Review | ArcaniA: The Complete Tale
It’s been interesting reviewing Arcania: The Complete Tale given what else has recently released.
It’s hard not comparing ArcaniA to titles like The Witcher 3: Wild Hunt. After all, they’re the same genre, came out a week apart and, I’m surprised to say, I’ve enjoyed both, if not for completely different reasons.
The story revolves around your hero wanting revenge after a maniacal king sends his troops to torch and loot his home village. However, he soon finds out that deeper evil is controlling the king, and his quests turns to stopping this overall evil.
The plot is predictable, and really just serves to give you a reason to move to the next area. I really didn’t pay attention to it, instead just grabbing whatever quests I could find in an area, slaughter anything in my way between the points, complete the tasks and get my rewards before moving on.
A disappointing thing I noticed about the quests is trying to track them. Compared to a lot of other games in the genre, it doesn’t give a great tracking system. The items or monsters needed are tracked, but aren’t shown on the map unless you’ve uncovered that part of the map or just stumble into the area. That can lead to a lot of blind wandering until you get lucky, wasting extra time.
You shouldn’t waste a lot of time though. Even with the tracking issues, maps are artificially large. Most missions just follow the main path, with caves littered here and there to explore for some items. The rest of the map is mainly fluff, filled with ingredients you can harvest or enemies to kill. Occasionally you’ll find a hidden artifact or rune that’s part of some overarching quests, but unless you’re interested in 100 percent there’s not much reason to hunt down all of these items.
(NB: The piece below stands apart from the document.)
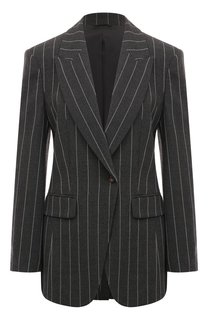 Шерстяной жакет Brunello Cucinelli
You will spend a lot of time backtracking though. There’s a very limited fast travel system that consists of teleporters that take you between two different spots. Teleporters don’t connect with each other across the world, meaning if you want to go to a previous area you better get to running. Not only that, but some teleporters are put in weird spots. Two early on are by a tavern and fishing huts, which is only about a minute run from each other, yet no teleporters are by the caves across the map.
Combat is simplistic in the game. There’s a melee attack, which can be timed to do bigger flurry attacks if you unlock that perk, dodge, ranged attack and magic attack. That’s all you need. Enemies are pretty dimwitted as well, allowing you to just constantly beat them down, sometimes without even countering. There were a few boss battles that gave me problems, mainly because of quick health draining attributes on weapons, but pretty much everything was a breeze to go through.
The game does do away with some action RPG tropes that I approve of, though. You have no weight limit when carrying items, so hoard whatever you want. In addition, merchants have no limit on gold, so you can unload everything you don’t need on the first merchant you come by and start building up again to sell more later on. Often, merchants won’t have anything worthwhile except for the occasional recipe to learn, so I mainly just stocked up on cash in case I ever needed something big.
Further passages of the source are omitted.